▸ What you are asked to do
Nothing but the lines from the one containing "Husband Birthday Gift" to the final line of the entries should appear, copied exactly and without pictures.

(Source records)
□ □ □ □

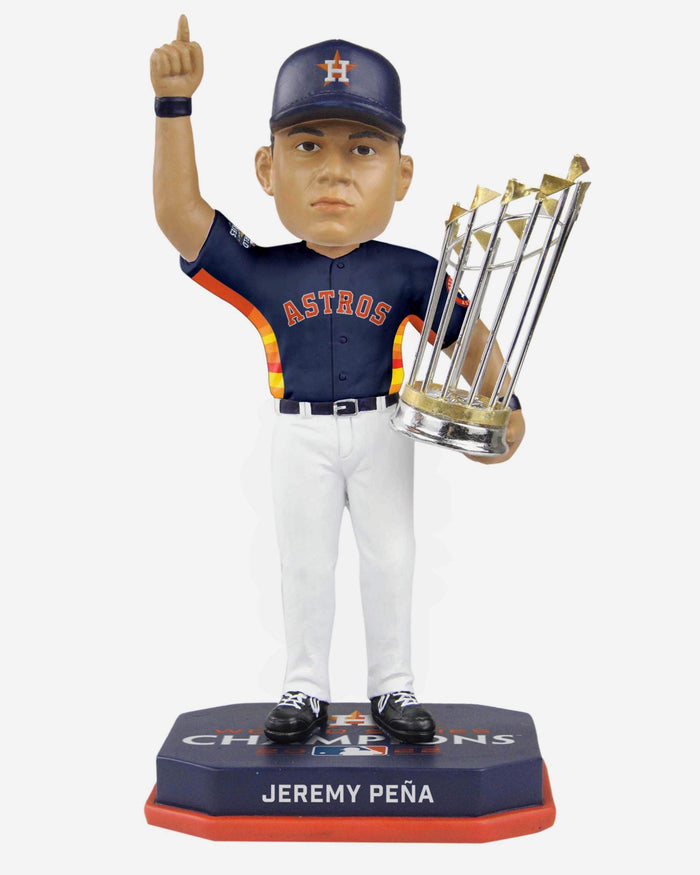 Jeremy Pena Houston Astros Navy Blue Uniform 2022 World Series Champions Bobblehead FOCO - FOCO.com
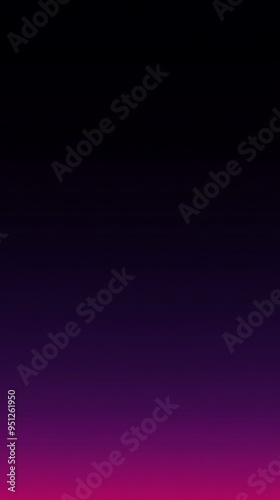 A gradient background with a deep transition from dark purple to black, creating a bold and mysterious atmosphere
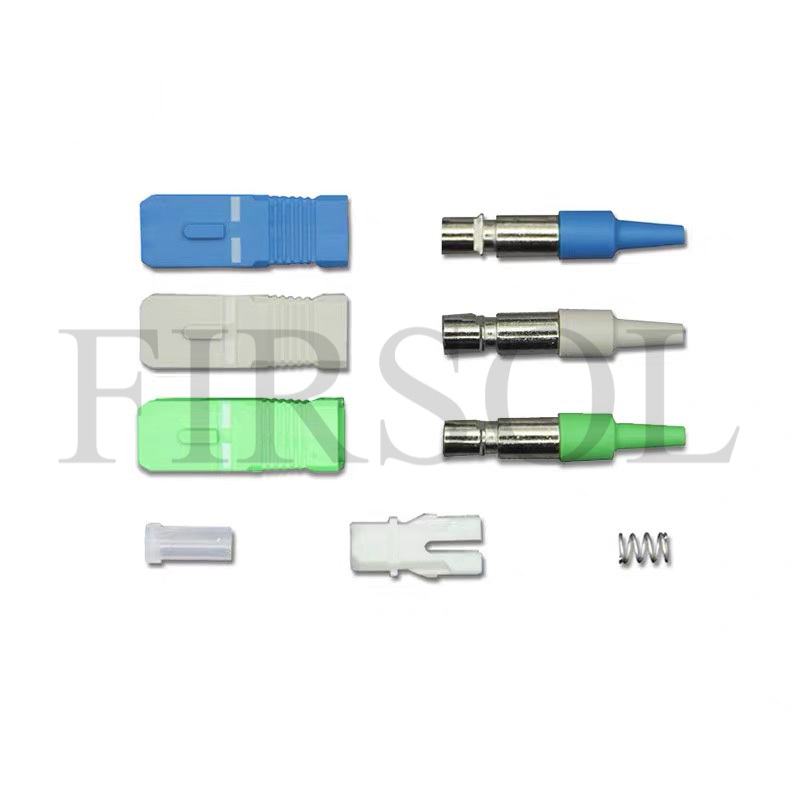 Single Mode/Multimode SC Fiber Optic Connector Components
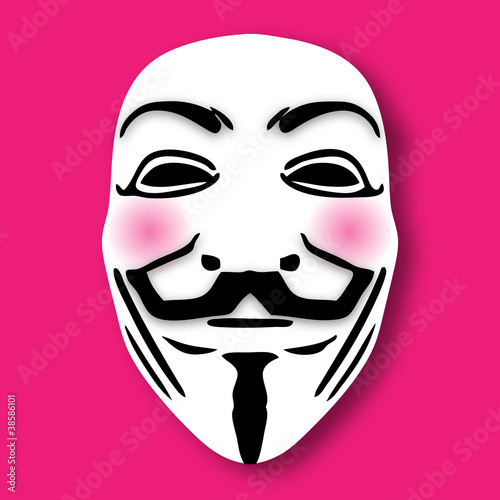 Vector: Anonymous Guy Fawkes Maske PINK Vector Anonymous Guy Fawkes Maske PINK Vector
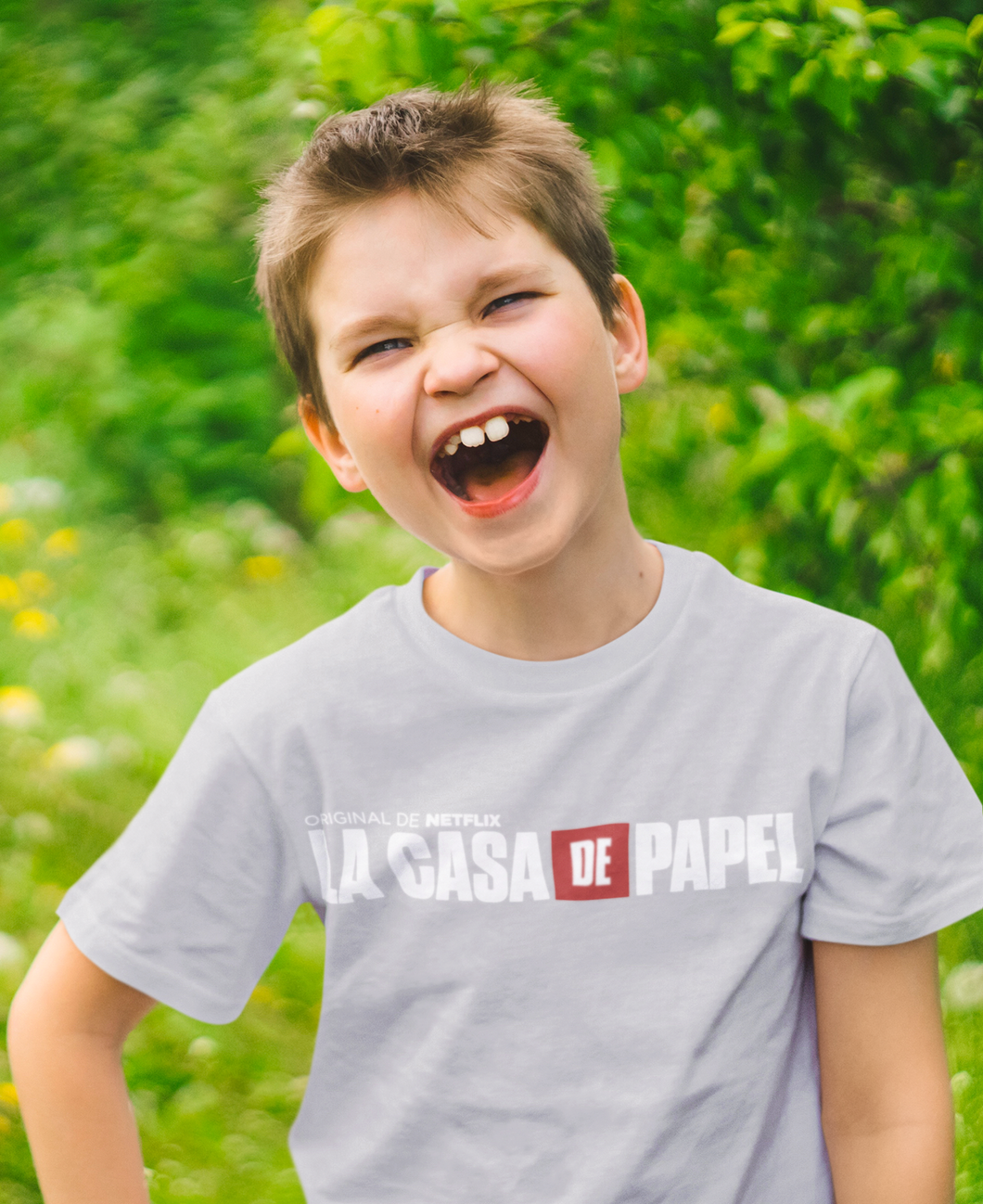 La Casa De Papel Money Heist Half Sleeves T-Shirt for Boy-KidsFashionVilla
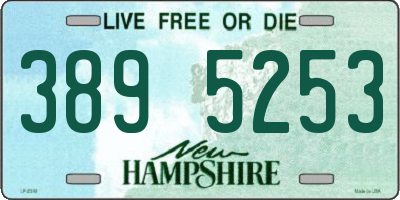 NH license plate 3895253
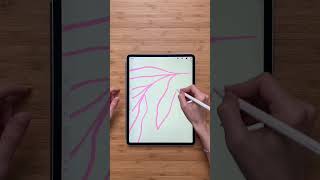 Procreate art🌿 #art #procreate #artshorts #arttutorial #easyart #shorts #iphone14 #fyp #create #fun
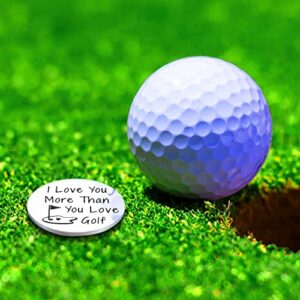 Husband Birthday Gift Golf Ball Marker Christmas Gifts for Husband Stocking Stuffers for Men Couples Gifts for Boyfriend from Girlfriend Husband Gifts from Wife Fiance Gifts for Him Valentines Day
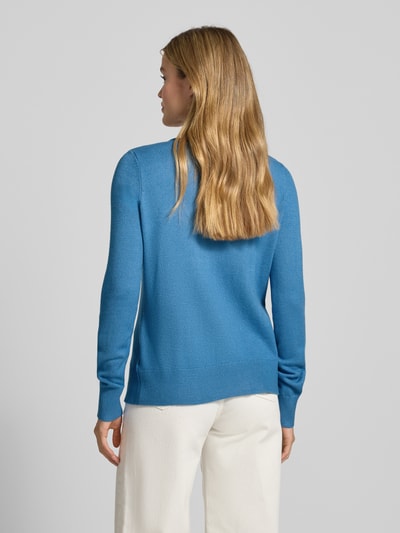 Christian Berg Woman Strickpullover mit U-Boot-Ausschnitt Rauchblau Melange 5
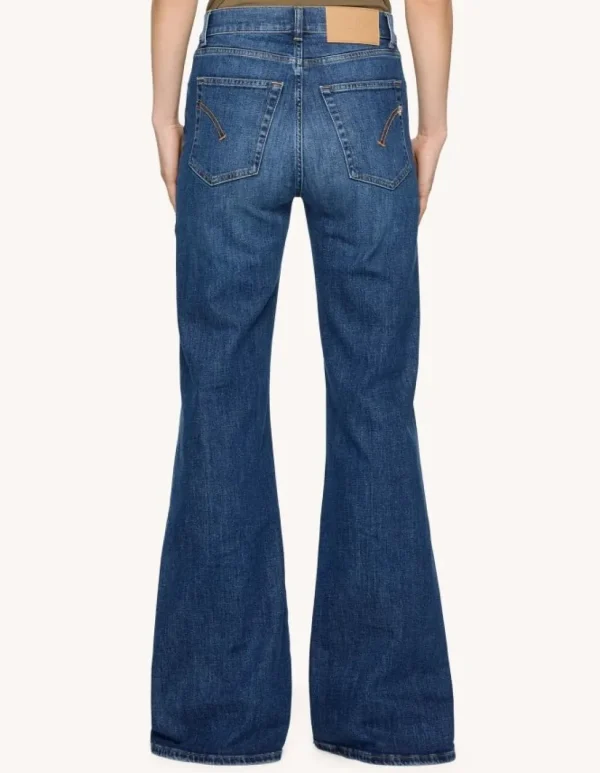 Dondup Amber Wide Leg High Waisted Jeans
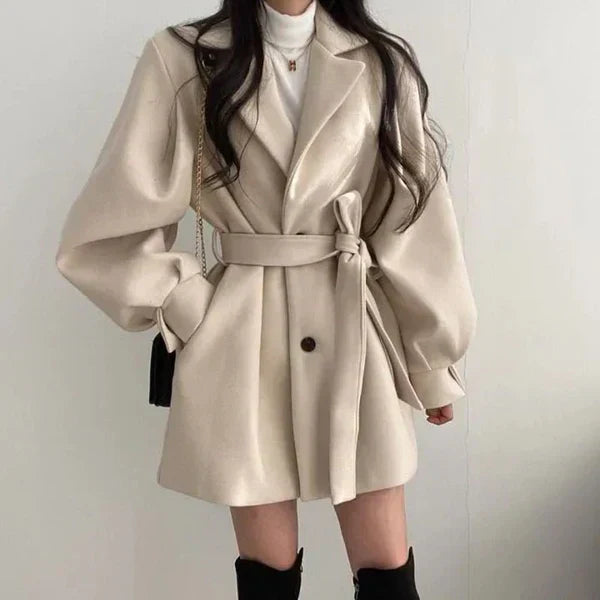 WW | Elegant, figure-hugging women's coat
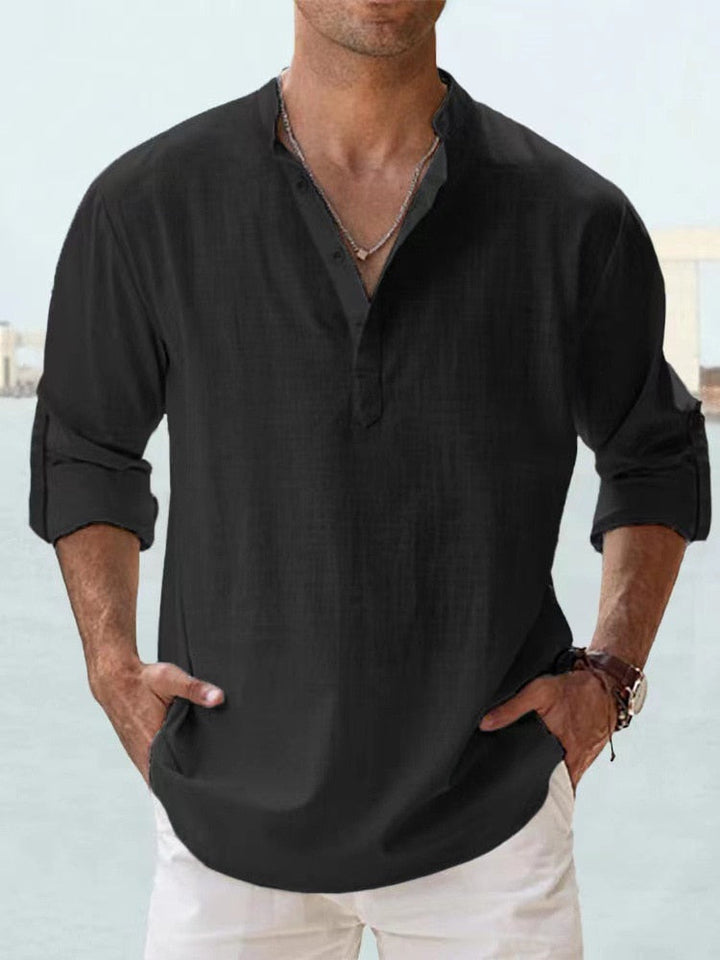 Landon | Breathable Linen Shirt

□ □ □ □

▸ Output
 Husband Birthday Gift Golf Ball Marker Christmas Gifts for Husband Stocking Stuffers for Men Couples Gifts for Boyfriend from Girlfriend Husband Gifts from Wife Fiance Gifts for Him Valentines Day
 Christian Berg Woman Strickpullover mit U-Boot-Ausschnitt Rauchblau Melange 5
 Dondup Amber Wide Leg High Waisted Jeans
 WW | Elegant, figure-hugging women's coat
 Landon | Breathable Linen Shirt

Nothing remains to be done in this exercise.